In September 2021, Cybernetica started a proof-of-concept research project to develop methods for data protection aware synthesis of test databases (DANCE). Data protection regulation restricts the testing of information systems with real data, if they relate to identifiable individuals. This complicates the development of new data-driven services (including ones using machine learning models). Synthetic data generation can help deal with these concerns.

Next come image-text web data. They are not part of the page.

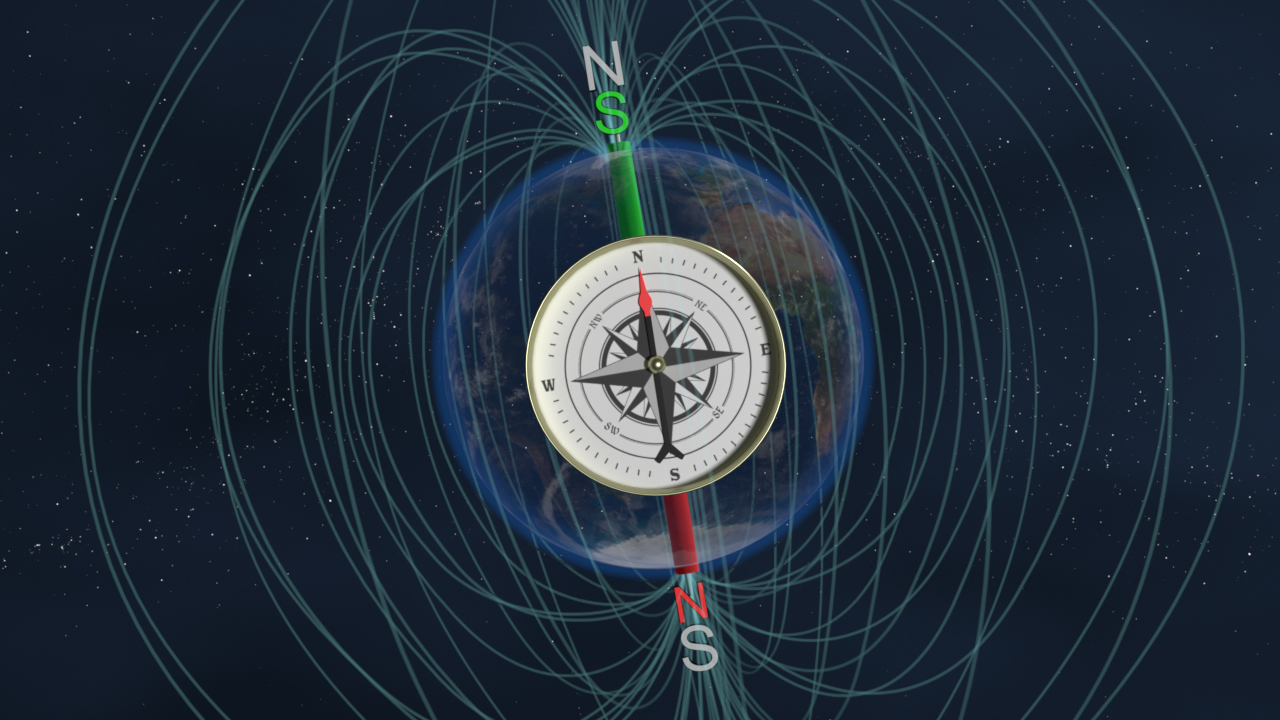 Darstellung eines Kompasses über der Erde mit Magnetfeldlinien, die die Nord- und Südrichtung anzeigen.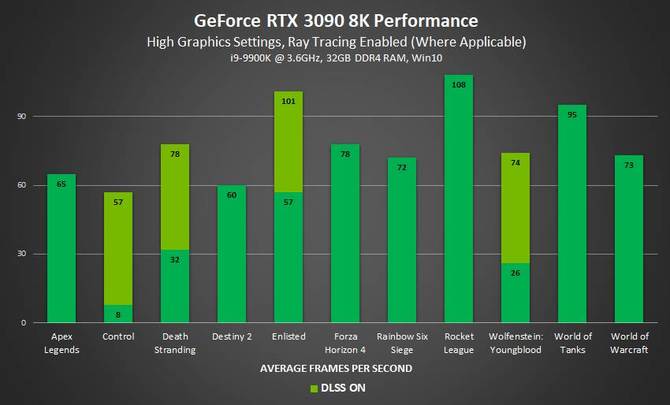 NVIDIA DLSS 2.1 z trybem Ultra Performance dla 8K i obsługą VR [2]
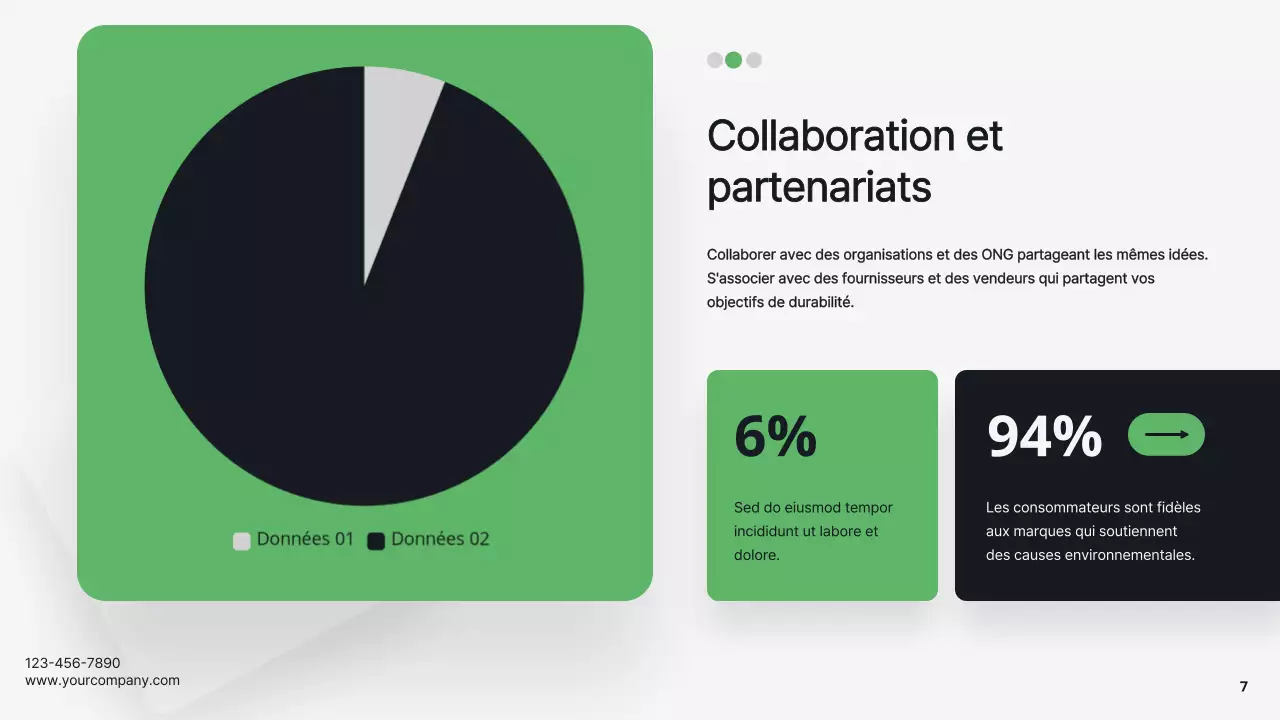 Vert et blanc Entreprise moderne Durabilité Stratégie d'entreprise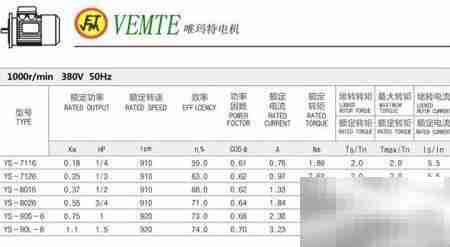 三相异步电机功率与转速关系图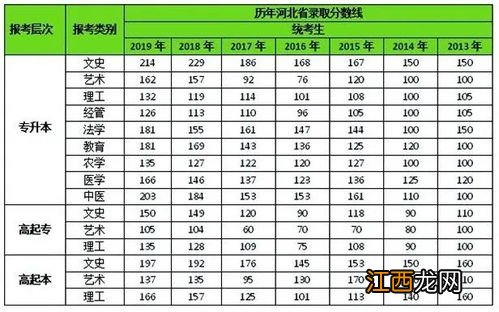 成人高考录取分数线一般是多少 历年成考分数线汇总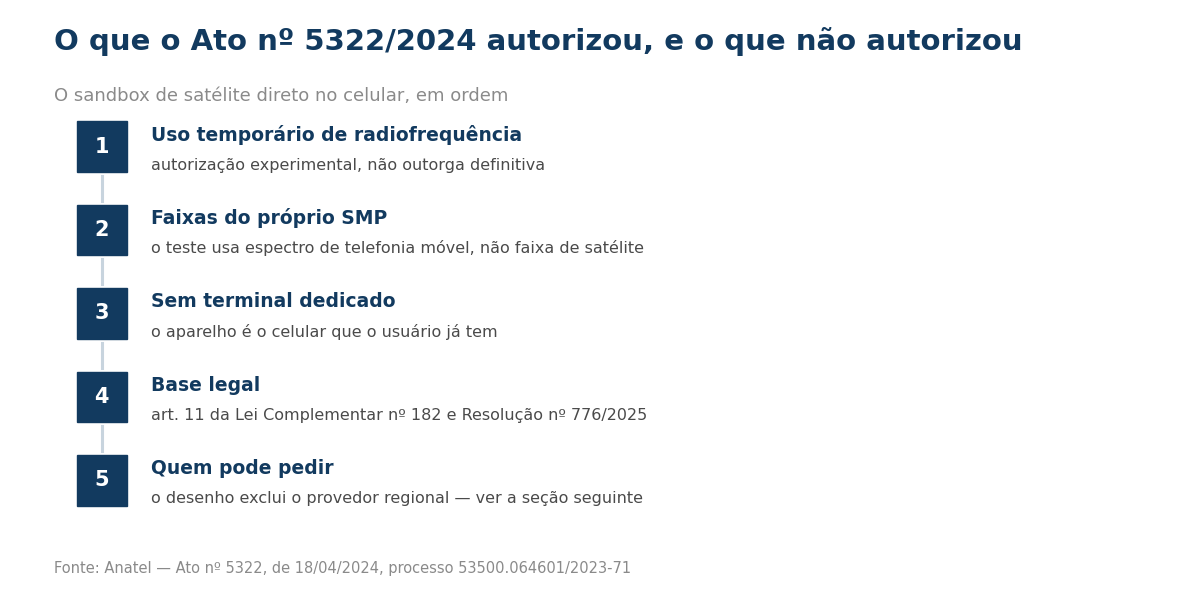 Passo a passo do que o Ato 5322/2024 da Anatel autorizou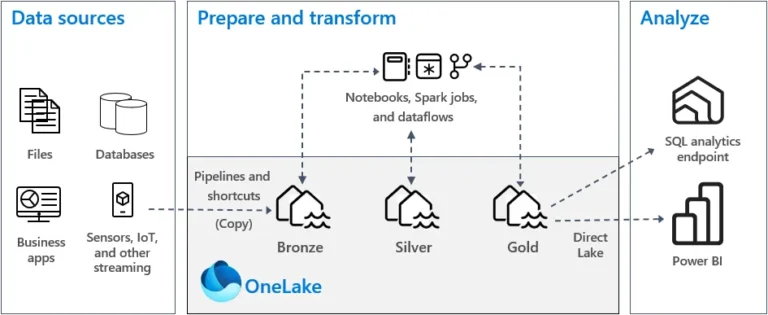 medallion architecture in Microsoft Fabric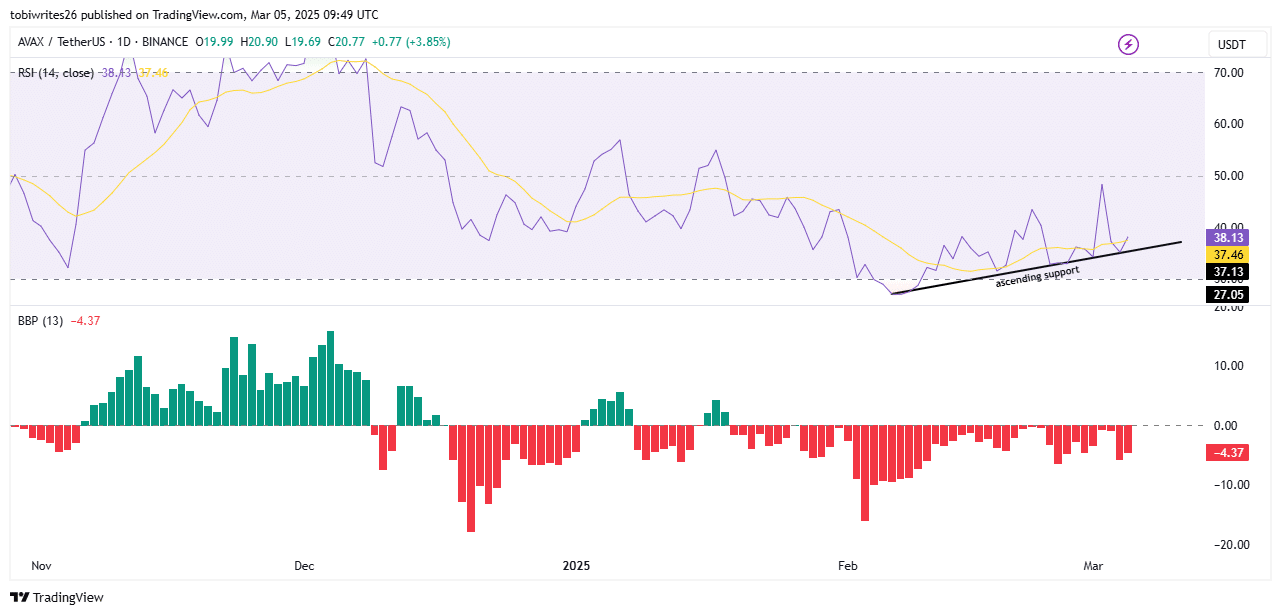 AVAX Technical Analysis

New random synthetic data can be generated on the basis of existing data. Synthetic data are similar in structure to the original dataset, retaining the distributions within one attribute but also the relationships between attributes. First, rules are defined or a machine learning model is trained based on the original dataset, and then synthetic data are created using the rules or the machine learning model. Several European data protection authorities have indicated that randomly synthesised data are not identifiable in the sense of Recital 26 of General Data Protection Regulation (GDPR) and can be used for testing IT systems.

However, organisations often lack the in-house competence for using data synthesis tools and are willing to use data synthesis as a service. Such synthesis requires the processing of original data and this, in turn, needs trust and a lawful basis.

A trusted execution environment (TEE) is a secure area on the processor. The TEE guarantees that the data and all computations performed on the data within the TEE are not visible to anyone, not even the system administrator.

In project DANCE, we have created a service prototype that shows that test data synthesis using trusted execution environments is possible and feasible. This way the original data are protected from the service provider so that synthesis could be a cloud service that cannot leak the source data values. We are also conducting a legal analysis to provide insight into the prerequisites of using such a service on personally identifiable information. The manager of the project is our Senior Researcher Liina Kamm.

This research is supported by ETAg proof-of-concept grant EAG 189.